# Finishing Leopardwood?



## Elvee61 (Feb 26, 2012)

Does anyone have experience in finishing this interesting wood?  

The wood itself has a gorgeous spotted grain, but finishing it has been challenging.  Finishing it with CA comes out looking dull and lifeless.  Same with EEE and Shellawax.   

I just can't get it to "pop" and get that 3d look that I expect after umpteen coats of CA.  The pens just end looking flat and dull, almost like I wrapped them with a cheap vinyl veneer, and nobody's going to want to buy that.


----------



## hunter-27 (Feb 26, 2012)

I have not had that same problem.  It has been difficult to keep the scratch pattern consistant on the "spots" for me at times but no problem in finishing it that I recall.


----------



## reiddog1 (Feb 26, 2012)

I would put a quick coat of BLO on it before CA.  It may help with popping the pattern.  Just my 2 pennys.  Hope this helps.

Dave


----------



## Fibonacci (Feb 26, 2012)

I finished the couple that I did with linseed oil and CA and had great results.


----------



## SDB777 (Feb 26, 2012)

reiddog1 said:


> I would put a* quick coat of BLO* on it before CA. It may help with popping the pattern. Just my 2 pennys. Hope this helps.
> 
> Dave


 

Nothing pops it like BLO!  The grain, that is.


Scott


----------



## leehljp (Feb 26, 2012)

The finer you sand it the wood before CA or BLO, the more the 3D look (referred to as "chatoyance" among woodworkers and pen turners) comes out. I am talking about 600 SP, then 800. Burnishing or rubbing with a fine cloth or paper towel at 1000 - 2000 RPM will bring the grain out as much as can be expected.
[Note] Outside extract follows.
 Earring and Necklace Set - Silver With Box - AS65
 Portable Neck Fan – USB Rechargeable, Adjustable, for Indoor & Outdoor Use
Then do the same burnishing with the paper towel and BLO.

Since you have already added CA, strip it back to the wood by sanding or using a just sharpened scraper chisel or skew and light delicate touches. If using sandpaper, I would NOT use anything lower than 400 SP to sand back to the wood, or you run the risk of scratches that will be magnified once you get the wood into the chatoyance state that you want. Once the wood is uncovered, sand up to 800, burnish, add the BLO, burnish, then add the finish.

Clarification:
You mentioned that the pens "looked flat and almost dull". Are you referring to the fact that it is not "3D", - Or that it does not have a "shine"? Not having a "shine" is a different problem from my above answer and the other folks answer.


----------



## Elvee61 (Feb 27, 2012)

Thanks for all the advice!  I changed over and turned some walnut and box elder to see if it was me, my tools or materials (I bought my can of BLO the same year my 14-year-old daughter was born, don't know if that stuff goes bad).  Everything shines and has that 'depth' that I expect.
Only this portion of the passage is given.